Task statement:
The material below holds pictures, which are to be left out; copy exactly the lines from the one with "milanesas de guanaco?" through the one with "High angle view of fruits in plate".

Records for the exercise:
== Segment start ==
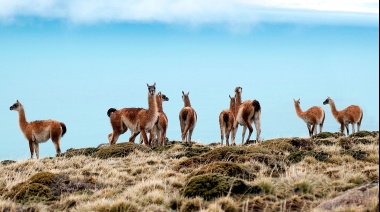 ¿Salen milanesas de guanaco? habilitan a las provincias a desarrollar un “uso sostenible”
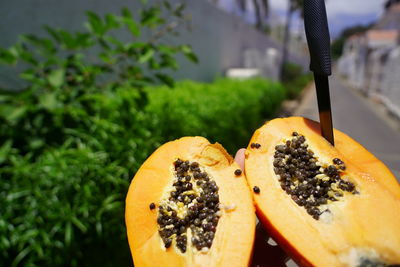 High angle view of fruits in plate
== Segment end ==
== Segment start ==
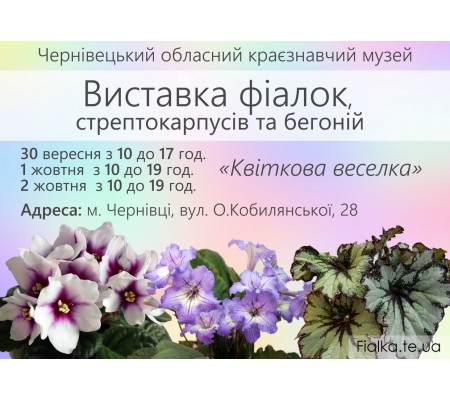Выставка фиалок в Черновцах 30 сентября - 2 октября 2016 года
== Segment end ==
== Segment start ==
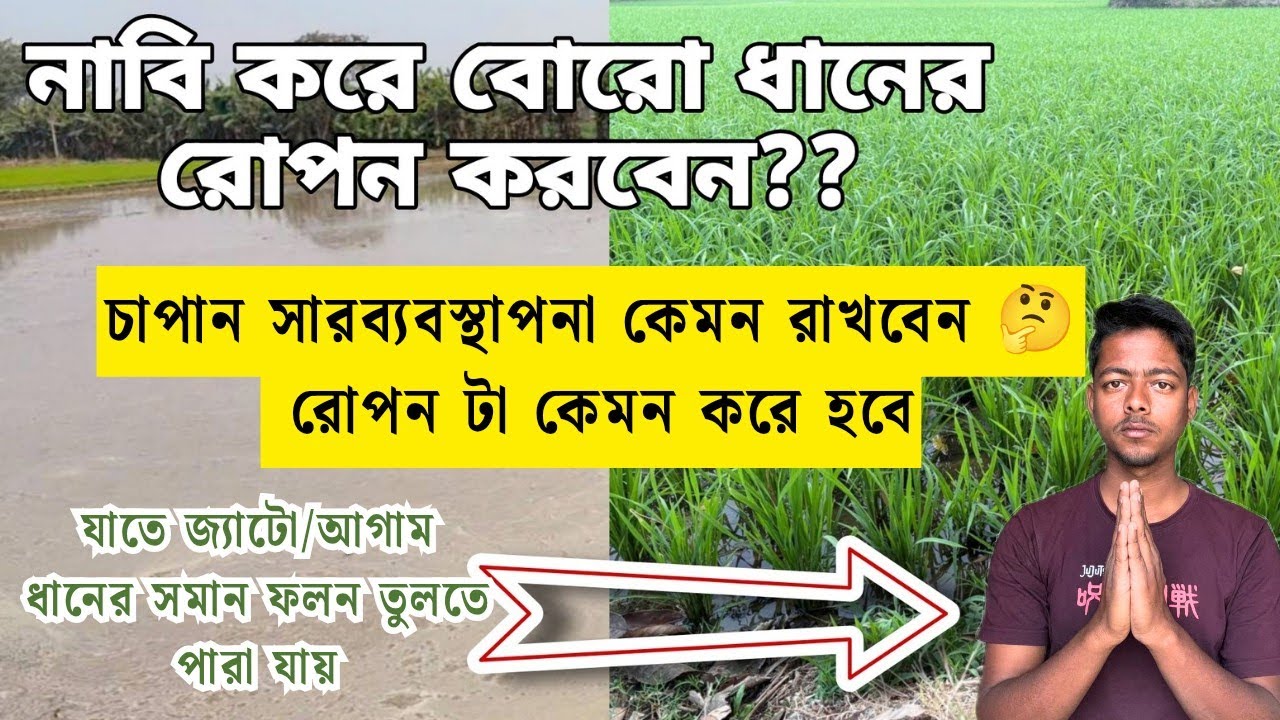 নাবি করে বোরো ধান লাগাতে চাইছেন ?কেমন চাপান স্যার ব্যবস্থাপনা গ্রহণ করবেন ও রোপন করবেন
== Segment end ==
Solution below:
 ¿Salen milanesas de guanaco? habilitan a las provincias a desarrollar un “uso sostenible”
 High angle view of fruits in plate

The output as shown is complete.